1. Consumers of consent-ledger-service
| Service | Interface | Dependency type | SLA expectation |
|---|---|---|---|
compliance-engine (CONSENT rule type) | gRPC ConsentLedgerService/CheckConsent | Synchronous, per-message in async pipeline | P95 ≤ 5 ms; availability 99.95% |
routing-engine (last-mile veto) | gRPC CheckConsent | Synchronous, last-mile pre-dispatch | P95 ≤ 5 ms; availability 99.95% |
sms-firewall-service (inbound MT) | gRPC CheckConsent | Synchronous, per inbound MT | P95 ≤ 10 ms (firewall has slacker SLA); availability 99.9% |
| Tenant SDK / dev portal | gRPC RecordConsent, RecordConsentBatch, RevokeConsent | Synchronous tenant write path | P95 ≤ 80 ms; availability 99.9% |
| Tenant portal (REST) | /v1/consent/records*, /v1/consent/double-opt-in/* | Synchronous admin-style | P95 ≤ 200 ms; availability 99.5% |
| Citizen portal | /v1/consent/citizen/* | Synchronous public-facing | P95 ≤ 500 ms; availability 99.5% |
regulator-portal-service | /v1/admin/consent/audit*, NATS consent.audit.* | Synchronous query + async events | Query P95 ≤ 2 s (hot window); event delivery P95 ≤ 5 s |
Async contract semantics
Although CheckConsent is synchronous, all callers are operating inside the platform's async outbound message pipeline: tenants have already received 202 Accepted, the orchestrator is processing from NATS, and any failure of CheckConsent translates to a do-not-ack and JetStream redelivery upstream.
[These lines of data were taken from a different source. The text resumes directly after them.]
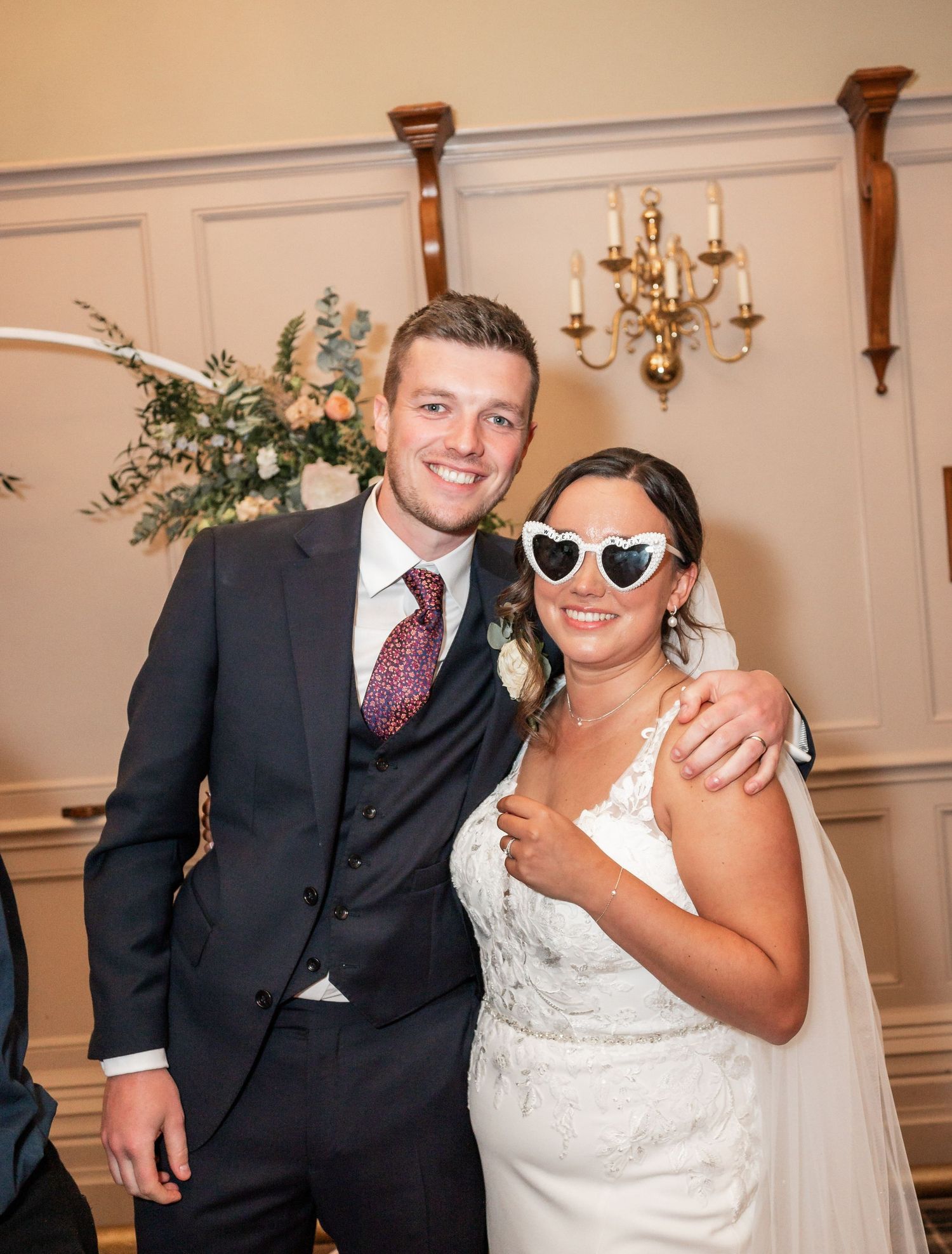 Newlyweds pose playfully with heart-shaped sunglasses next to floral arrangements and candle sconces.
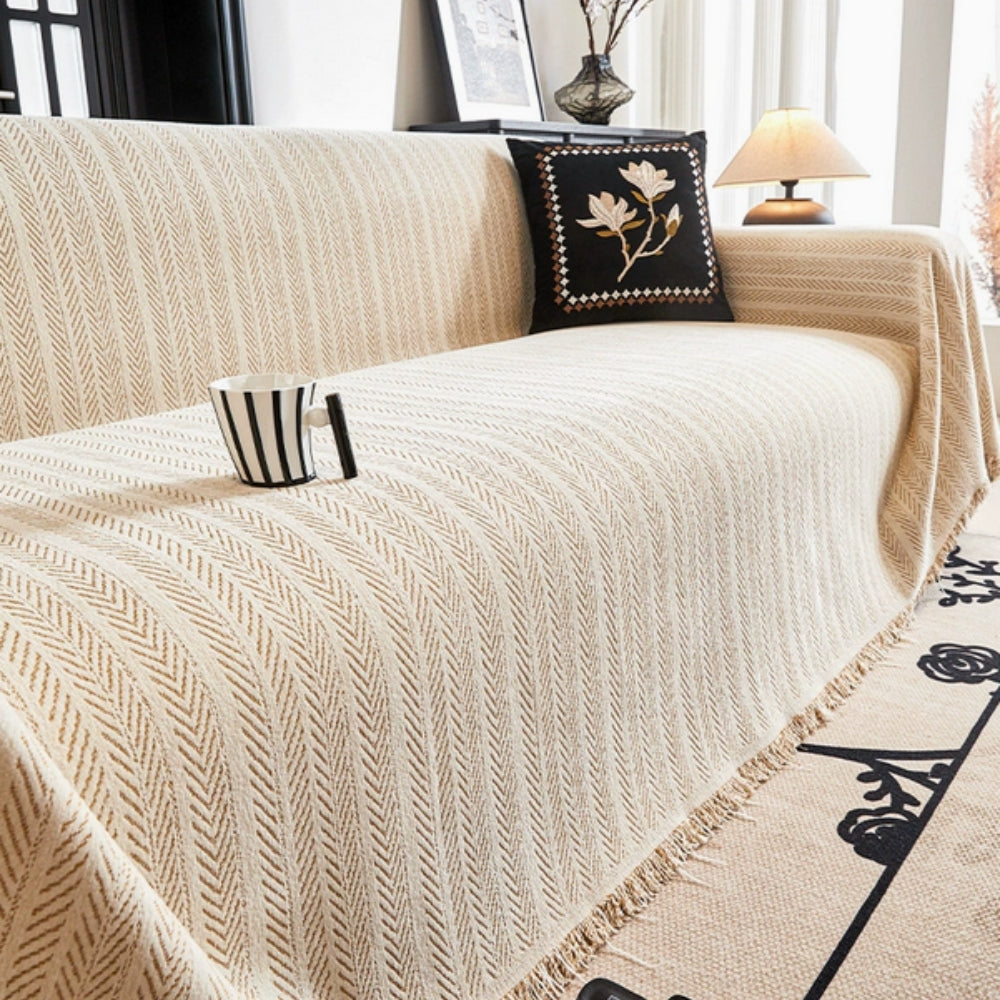 Herringbone chenille sofa cover with decorative tassels, protecting furniture in a living room.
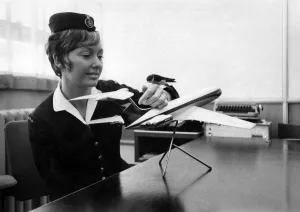 Bonzo the housemartin perched on the hand of an airline hostess for farewell pictures
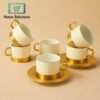 Set of white cups with gold metal rims and handles with metal on a beige background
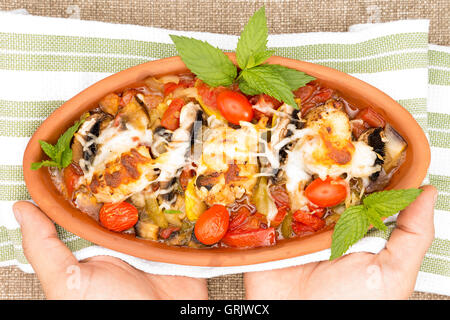 Clean hands are serving chicken stew in stoneware crock pot with a nice clean towel, garnished with mint and topped with mozzare Stock Photo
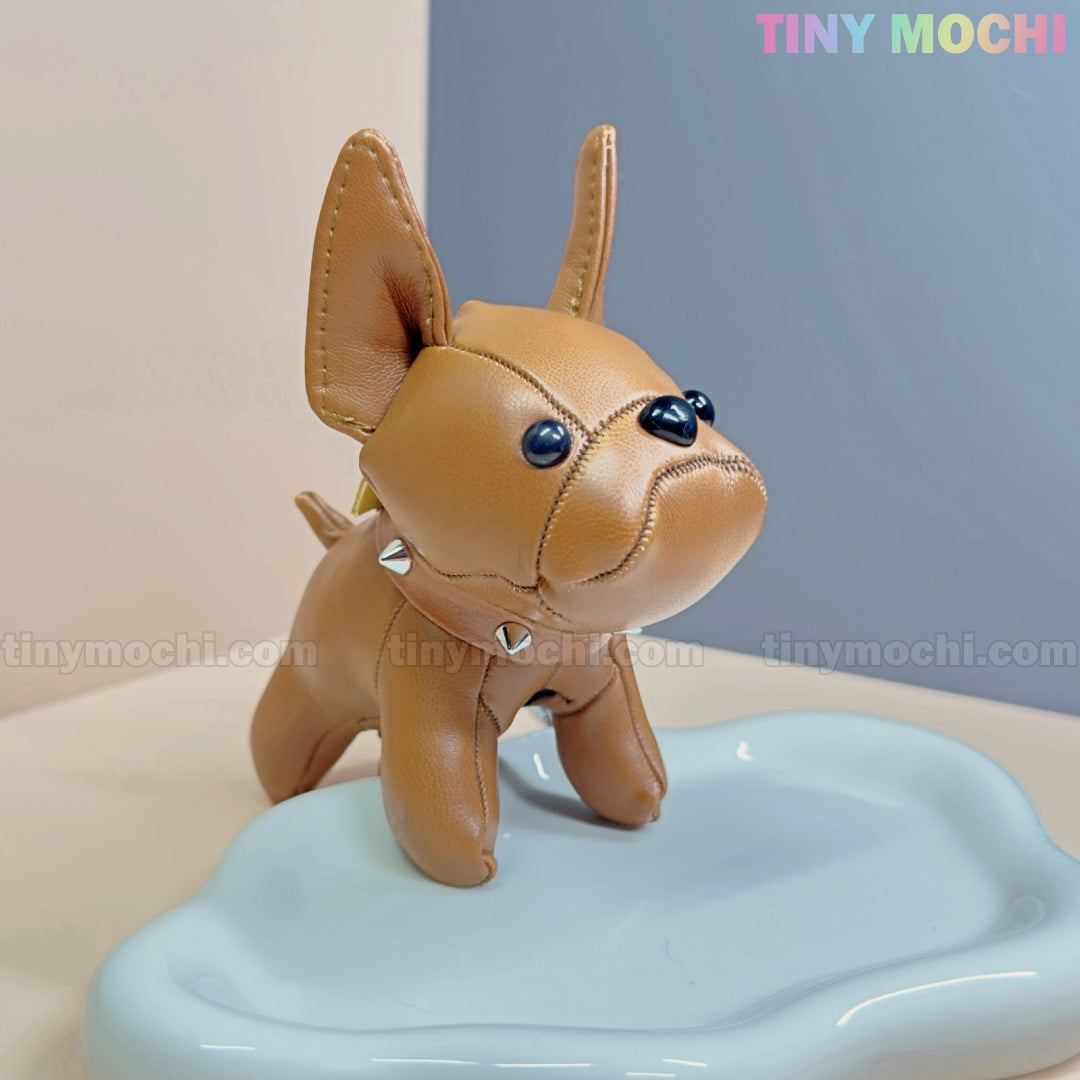 A small, brown French Bulldog Keychain Coin Purse by Tiny Mochi stands on a pale blue tray, featuring faux leather, big ears, black button eyes, and a studded collar—an adorable mini zipper pouch for dog lovers. Soft pastels frame the Tiny Mochi logo.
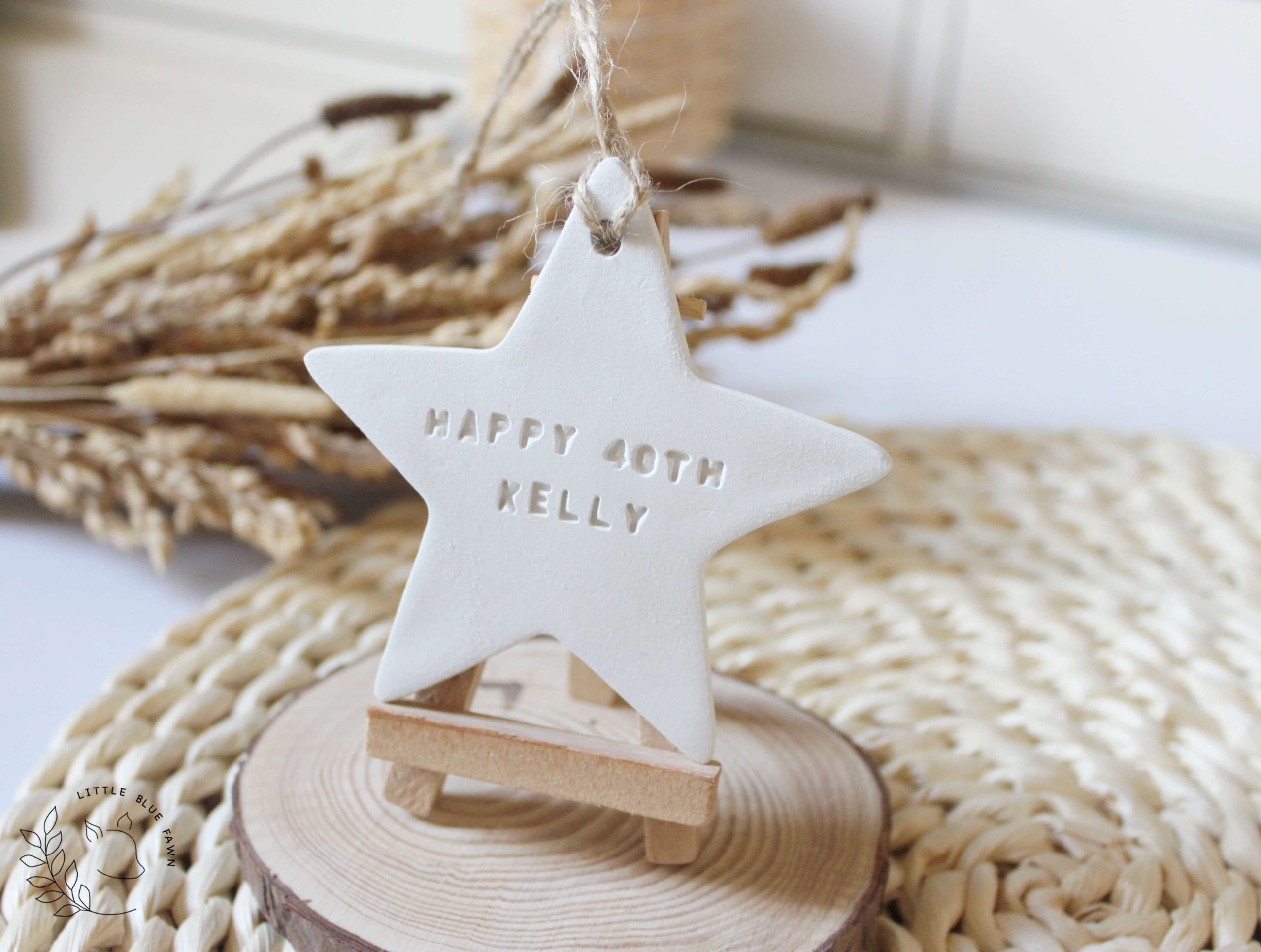 Personalised Happy Birthday star keepsake handmade from clay and customised with a name and age. A thoughtful birthday gift and lasting memory.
This means consent-ledger-service operational fail-closed never violates the tenant's API contract — it manifests as DEAD_LETTER status in the portal after retry exhaustion.
compliance-engine, routing-engine, and sms-firewall-service MUST treat any non-OK response from CheckConsent as allowed: false for non-emergency lanes (defence in depth even though consent-ledger-service itself returns fail-closed on its own internal errors).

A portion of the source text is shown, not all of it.